You've scored a gig in another country. Or, you've hired someone in another country. Either way, congratulations! You're about to go international. While working with someone in another country can be fun and rewarding, there are a few things to consider before the process begins. Being prepared will save you a lot of headache, trust me. These apply in most industries but a few surprises wait in store for us game folk.
Why do it? At times working internationally is done to find work that can’t be done anywhere else. Ideally this is why you should consider it. If you want Katsuhiro Otomo or Masamune Shiro and ONLY those artists and their teams to do the concept art and art assets for your project, that’s a quick example. Another example is that the London Symphony has attributes that can’t be matched anywhere else, even Los Angeles, though admittedly you’re comparing apples to oranges. Still, the rule applies depending on your stylistic preference.
Outsourcing business processes such as IT and supply chain has been done for years with success just as dependent on proper management and oversight as domestic operations.
Another reason to take your work (or look for it) elsewhere is that it is cheaper, but bear in mind that “you get what you pay for” applies just as much in another country as it does your own. You may think you’re saving 50% in production costs by outsourcing a bulk of your artwork, but if you aren’t assured that your tests have been done by the same team that will be working on the project itself, confirm your qualitative requirements and ensure you have solid exit clauses if those requirements aren’t met.
Dealing with creative content, this can be very difficult to quantify beyond satisfaction that is measured based on references prior to the start of a project or at least during pre-production.
If you decide that an international route is still your best bet, some factors to keep strictly in mind are:
Time Zone: This should be obvious, but time differences can wreak havoc when a release candidate is due. Making sure to build in the extra day (or more) it can take depending on your contractor or customers location will mean less panic for a TRC check from your publisher.
This additional time in the schedule at appropriate milestones and delivery dates will ensure you take another variable out of the equation. In addition, know when people go home and be sure to set your availability as well. Finally, consider holidays that differ from yours and build that time in as well. Easy for me to say of course is the phrase "it's better to ask forgiveness than to ask permission" true when it comes to a developer and a publisher? Frightening, but sometimes the answer is yes. The point is, it shouldn't be true.

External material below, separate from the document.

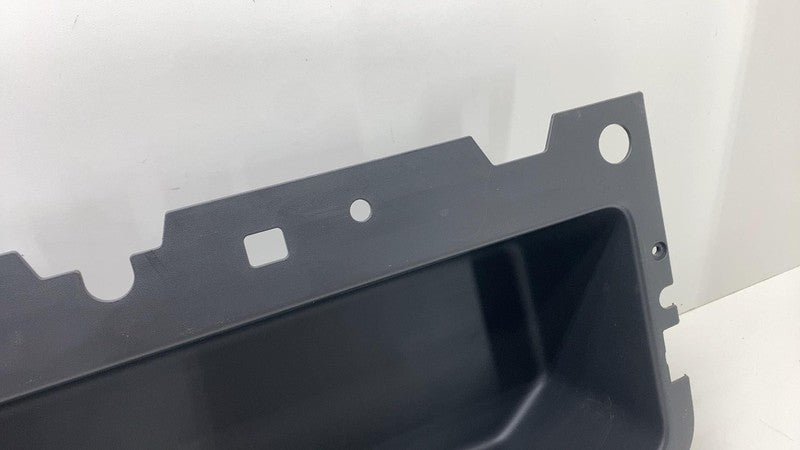 ⭕ 22-24 Rivian R1T Rear Underseat Bin Storage Tray Compartment Box PT0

Travel / Phone / Onsite staff: Communication back and forth can be established easily with today’s technology. Beyond the internet however, phone charges and travel costs at times can offset the savings you establish from the production costs alone. In addition, don’t be fooled into thinking New York and the Bay Area are the most expensive places to live. Japan boasts four out of the top ten most expensive cities in the world for cost of living: Tokyo (#1), Nagoya (#4), Yokohama (#5), and Kobe (#7), which partially explains why Japan has invested heavily in Western development.
Payment: Never , even under torture, consider a straight exchange rate from Google at the time of contract signing to be a reliable way to convert currency. This happens alarmingly often. Hundreds or even thousands of dollars can be lost on either side depending on rate changes throughout the project.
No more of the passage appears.